Seul Jean Léonnetti, prenant la parole pour le groupe UMP, rappelle que l’IVG ne peut en aucun cas être un droit fondamental, « celui-ci n’étant reconnu par aucune norme conventionnel ou constitutionnel » ; et que l’avortement est toujours une épreuve pour les femmes. Paradoxalement il conclut ainsi : « Mais si cette résolution a pour objectif de rendre un hommage à Simone Veil, alors oui je voterai en faveur de cette résolution ». Ce qu’il a fait.

 

De rares voix s’élèvent contre le consensus IVG

 

Jacques Bompart a exprimé une autre voix face à ce consensus imposé par l’absence de débat. Lui seul rappelle que l’avortement concerne en France 225 000 enfants par an qui ne naîtront pas, des femmes trompées sur les conséquences d’un IVG et soumises au silence parce qu’il s’agit d’un droit, ou encore des médecins tiraillés entre leur serment d’Hippocrate et la pratique de l’IVG, vocation bafouée… Il prononcera son discours sans se laisser entrecoupés par les huées de l’hémicycle et l’agitation silencieuse des tribunes, insupportés par ce discours qu’ils qualifient tour à tour de « réactionnaire, obscurantiste, culpabilisant, archaïque, conservateur ».

 

A la fin de cette discussion, 7 députés, présents dans l’hémicycle, votent contre cette proposition de résolution :

– Jean-Frédéric Poisson (député UMP des Yvelines – 10ème circonscription)         
– Xavier Breton (député UMP de l’Ain – 1ère circonscription)      
– Nicolas Dhuicq (député UMP de l’Aube – 1ère circonscription)
– Jean-Christophe Fromantin (député UDI des Hauts de Seine – 6ème circonscription)   
– Yannick Moreau (député UMP de Vendée – 3ème circonscription)          
– Jacques Bompard (député non inscrit du Vaucluse – 2ème circonscription)        
– Olivier Marleix (député UMP d’Eure-et-Loir – 2e circonscription)

 

Des objectifs déterminés pour les semaines et mois à venir

 

En fin de compte, deux messages ressortent clairement des interventions :

 

– Le travail sur la libéralisation de l’IVG n’est pas fini et sera déterminé.
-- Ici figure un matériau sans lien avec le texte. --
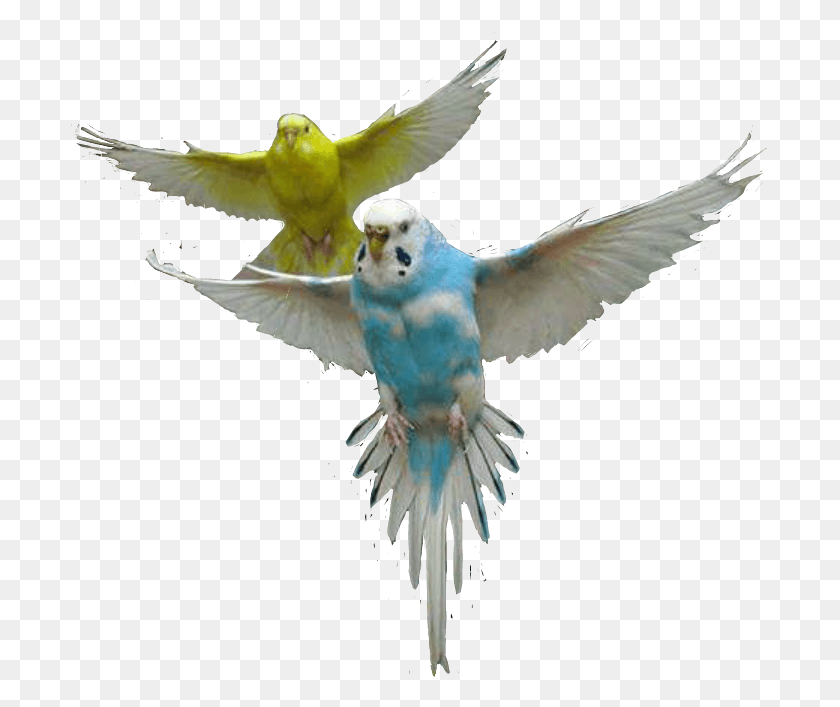 699x647 Parakeet Clipart Bird Fly Budgie Flying, Animal, Parrot, Finch HD PNG Download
Mme Boistard appelle à « l’offensive » pour rendre effectif en France, en Europe, mais aussi dans toute la communauté internationale, le « droit à l’IVG » et le  « droit des femmes à disposer de son corps ». « Droits fondamentaux de l’humanité toute entière » insiste Marisol Tourraine qui réitère son objectif de rendre accessible l’IVG sur tout le territoire français dès Janvier 2015. Cela pour répondre aux inquiétudes liées à la fermeture d’établissements qui pratiquaient l’IVG (130 établissements ces dix dernières années) ou encore au nombre de femmes « qui sont encore contraintes de partir à l’étranger pour avorter ».

 

– « D’autres droits sont à conquérir », pour qu’à l’image de l’avortement aujourd’hui, ces nouveaux droits « sonnent comme des évidences » dans quelques années invoque Mme Pompili faisant directement référence à la PMA, la GPA et l’euthanasie : « Quel sens cela aurait-il de réaffirmer le droit à l’IVG si nous devions continuer de refuser d’avancer sur le droit des femmes à porter et à donner la vie dès lors que les conditions sociales et scientifiques le permettent ? Quel sens cela aurait-il de considérer que donner la vie est un choix si nous devions continuer de considérer qu’un individu n’est pas libre de déterminer ce qu’est pour lui une fin de vie digne et de refuser à celles et à ceux qui attendent une aide et un accompagnement le cadre juridique leur permettant d’exercer pleinement leur ultime liberté ? »

 

Le programme de l’année s’annonce chargé.